Shanker Self-Reg® helps us consider self-regulation and stress across five interrelated domains: biological, emotion, cognitive, social and prosocial. In this blog we are going to explore the Social Domain.

Stress in this domain is caused by difficulty picking up on social cues, and understanding the effect of one’s own behaviour on others. Stressors in the Social Domain often interact with and multiply stressors in the other four domains of Self-Reg. Some stressors that can impact the this domain include peer pressure, public speaking, bullying, being excluded, meeting someone new, and more.

Let’s explore The Social Domain further:

  • Problems in the social domain lie in the arousal created by the system that serves as a child’s first line of defense for dealing with stress. This is the social engagement system.
  • Urging a child try harder in the social domain can make the child even more tense and unsure of themselves in social situations.
  • What we need to understand is, what we can do to enhance the capacity for connectedness in kids who find social interaction stressful.
  • If a fight-or-flight reaction to social situations becomes entrenched, the child will shy away from what they most desperately need when they are frightened or anxious. And what they need is the calming presence of a caregiver or other children.
  • Turning inward is what is really involved if we go into fight-or-flight. The brain has shifted to the so-called “survival brain.”
  • It is extremely hard for children to use words to communicate when they are feeling this way.

What happens when social stress is excessive:

  • In fight-or-flight, even the most benign of social acts can be interpreted as a threat. These sorts of distortions are a sign that a child has gone into a state of low energy/high tension.
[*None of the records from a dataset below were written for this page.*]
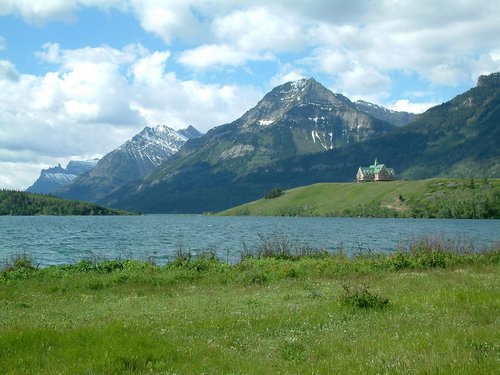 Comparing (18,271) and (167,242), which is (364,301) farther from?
(167,242)

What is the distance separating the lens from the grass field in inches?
479

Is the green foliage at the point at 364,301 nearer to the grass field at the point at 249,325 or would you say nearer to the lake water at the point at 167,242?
the grass field at the point at 249,325

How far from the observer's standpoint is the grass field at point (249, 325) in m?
12.2

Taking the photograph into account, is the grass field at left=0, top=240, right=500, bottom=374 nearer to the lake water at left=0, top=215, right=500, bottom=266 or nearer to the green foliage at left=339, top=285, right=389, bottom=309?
the green foliage at left=339, top=285, right=389, bottom=309

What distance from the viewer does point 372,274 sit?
36.2 m

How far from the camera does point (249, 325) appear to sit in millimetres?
17625

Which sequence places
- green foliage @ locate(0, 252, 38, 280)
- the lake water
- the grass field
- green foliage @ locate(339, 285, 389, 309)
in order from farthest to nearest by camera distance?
the lake water
green foliage @ locate(0, 252, 38, 280)
green foliage @ locate(339, 285, 389, 309)
the grass field

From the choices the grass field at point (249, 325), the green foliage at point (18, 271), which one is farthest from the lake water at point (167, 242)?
the grass field at point (249, 325)

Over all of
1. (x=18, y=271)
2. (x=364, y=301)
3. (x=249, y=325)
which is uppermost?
(x=364, y=301)

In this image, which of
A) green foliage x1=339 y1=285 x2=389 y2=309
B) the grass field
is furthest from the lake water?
green foliage x1=339 y1=285 x2=389 y2=309

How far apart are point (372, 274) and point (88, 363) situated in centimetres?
2721

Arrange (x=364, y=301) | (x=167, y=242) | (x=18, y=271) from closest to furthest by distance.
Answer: (x=364, y=301) < (x=18, y=271) < (x=167, y=242)

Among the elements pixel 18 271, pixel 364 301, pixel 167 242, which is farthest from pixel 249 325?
pixel 167 242

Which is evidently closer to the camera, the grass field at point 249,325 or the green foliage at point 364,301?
the grass field at point 249,325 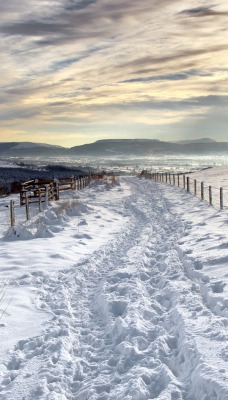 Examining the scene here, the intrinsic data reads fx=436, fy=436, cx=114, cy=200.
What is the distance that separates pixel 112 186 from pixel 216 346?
35.9 meters

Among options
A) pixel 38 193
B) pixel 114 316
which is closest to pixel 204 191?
pixel 38 193

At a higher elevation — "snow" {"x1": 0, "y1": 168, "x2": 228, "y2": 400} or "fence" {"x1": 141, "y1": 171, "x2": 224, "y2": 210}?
"fence" {"x1": 141, "y1": 171, "x2": 224, "y2": 210}

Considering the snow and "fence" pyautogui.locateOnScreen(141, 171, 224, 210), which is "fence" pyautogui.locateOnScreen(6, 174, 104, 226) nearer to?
the snow

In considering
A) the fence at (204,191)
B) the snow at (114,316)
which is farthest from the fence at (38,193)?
the fence at (204,191)

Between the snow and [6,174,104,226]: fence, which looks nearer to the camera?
the snow

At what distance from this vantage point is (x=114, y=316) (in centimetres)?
738

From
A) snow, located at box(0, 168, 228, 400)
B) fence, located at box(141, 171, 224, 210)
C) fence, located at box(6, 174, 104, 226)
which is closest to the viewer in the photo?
snow, located at box(0, 168, 228, 400)

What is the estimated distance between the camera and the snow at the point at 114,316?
5117 millimetres

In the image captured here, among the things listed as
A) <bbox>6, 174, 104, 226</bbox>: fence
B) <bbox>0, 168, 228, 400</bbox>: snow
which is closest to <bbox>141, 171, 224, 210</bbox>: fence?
<bbox>0, 168, 228, 400</bbox>: snow

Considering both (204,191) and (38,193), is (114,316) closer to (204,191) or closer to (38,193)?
(38,193)

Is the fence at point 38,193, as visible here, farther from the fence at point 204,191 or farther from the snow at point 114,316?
the fence at point 204,191

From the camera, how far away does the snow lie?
5.12 meters

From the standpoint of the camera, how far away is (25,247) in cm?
1309

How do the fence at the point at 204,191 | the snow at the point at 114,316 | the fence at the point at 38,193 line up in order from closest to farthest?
the snow at the point at 114,316 → the fence at the point at 38,193 → the fence at the point at 204,191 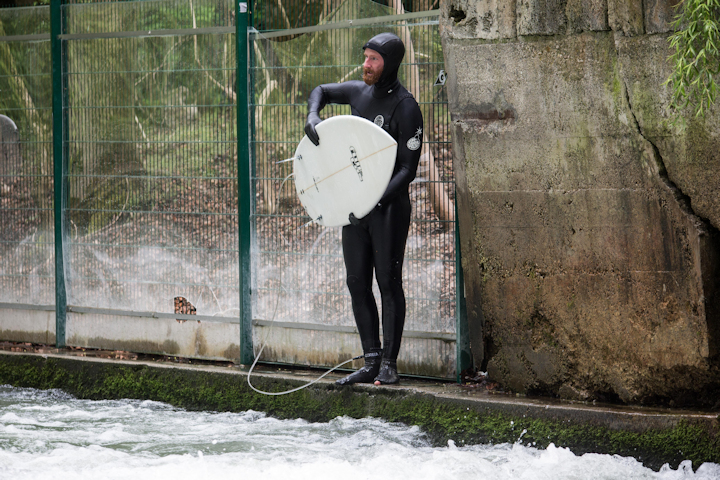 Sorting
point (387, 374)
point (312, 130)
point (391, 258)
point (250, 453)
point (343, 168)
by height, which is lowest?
point (250, 453)

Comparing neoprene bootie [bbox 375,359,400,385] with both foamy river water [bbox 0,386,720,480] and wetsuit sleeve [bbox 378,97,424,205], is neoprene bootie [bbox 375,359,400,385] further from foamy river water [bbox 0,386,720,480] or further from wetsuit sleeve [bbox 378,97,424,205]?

The child’s immediate need is to be soothed and caregivers need to re-establish the child’s sense of safety.
  • “Threats” come in all shapes and sizes. Some threats are very easy to define. Sometimes the threat is simply a look, a vocalization, a gesture, a movement. Or, alternatively, the lack of a look, a vocalization, a gesture, a movement.
  • When a child feels threatened the result can be sympathetic flooding (anger and aggression, flight or desertion). It can also be parasympathetic flooding (withdrawal, paralysis).
  • A child will find themselves overwhelmed by situations that outstrip their social abilities. If this happens they will likely respond aggressively or withdraw from such situations.
  • The problem for such a child may be that they can’t “read” what other children are feeling from their faces, or have trouble following conversational twists and turns. They don’t understand why what they said or did, and elicited a fear or anger response on the face of the child they were engaging with. Everyone in the group seems to be on the same page except them; everyone laughs at the joke except them.
  • Children with problems in the social domain need to learn to do Self-Reg in social situations. Because, first and foremost they have to learn what they can do to feel safe.
  • Nature’s mechanism for socialization in the early years is play.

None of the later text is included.